Here is an example of pre-training data. There are two files "raw_multidata_of_product_preatrain.small_train" and "raw_multidata_of_product_preatrain.small_valid", containing about 500 samples. Each line contains 5 fields: Item ID, Item title, Item image url, Item KG, Item category (which is not used when pre-training K3M model).
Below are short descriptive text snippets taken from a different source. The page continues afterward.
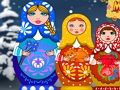 Xogo Matryoshka Maker en liña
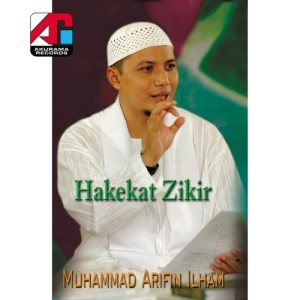 Album Hakekat Zikir from Muhammad Arifin Ilham
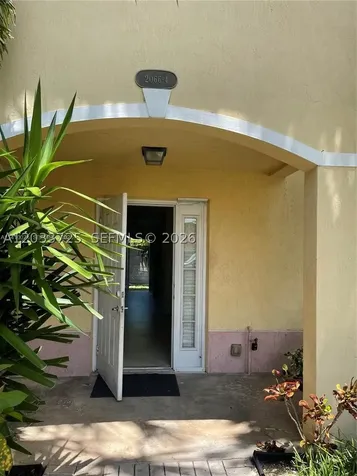 2066 NE 167th Street North Miami Beach FL 33162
Take one line of data as an example: "631432564317 家用户型圆桌圆形折叠桌简约餐桌老式简易桌子4人8人小吃饭桌子大 https://img.alicdn.com/imgextra/https://img.alicdn.com/imgextra/i1/2209527442205/O1CN014C9neM1S9vxl3cyha_!!0-item_pic.jpg 省份#:#河北省#;#款式定位#:#经济型#;#附加功能#:#多功能#;#人造板种类#:#密度板/纤维板#;#地市#:#廊坊市#;#区县#:#安次区#;#材质#:#人造板#;#是否可定制#:#否#;#出租车是否可运输#:#是#;#风格#:#简约现代 折叠桌"
where,
- Item ID: 631432564317
- Item title: 家用户型圆桌圆形折叠桌简约餐桌老式简易桌子4人8人小吃饭桌子大
- Item image url: https://img.alicdn.com/imgextra/https://img.alicdn.com/imgextra/i1/2209527442205/O1CN014C9neM1S9vxl3cyha_!!0-item_pic.jpg
- Item KG: 省份#:#河北省#;#款式定位#:#经济型#;#附加功能#:#多功能#;#人造板种类#:#密度板/纤维板#;#地市#:#廊坊市#;#区县#:#安次区#;#材质#:#人造板#;#是否可定制#:#否#;#出租车是否可运输#:#是#;#风格#:#简约现代
- Item category: 折叠桌
Note:
-
If you need your own data to pretrain the model, please construct the data in the above format. The five fields in each row are separated by '\t'.
-
The "Item KG" field consists of "property-value" pairs of item, and different "property-value" pairs are separated by '#;#', the property and its corresponding value are separated by '#:#'. In the example, the property-value pair "省份#:#河北省" represents a triple <item, 省份, 河北省>.
-
Since the "Item category" field is not used in the pre-training stage, it can be set to any value in your own data.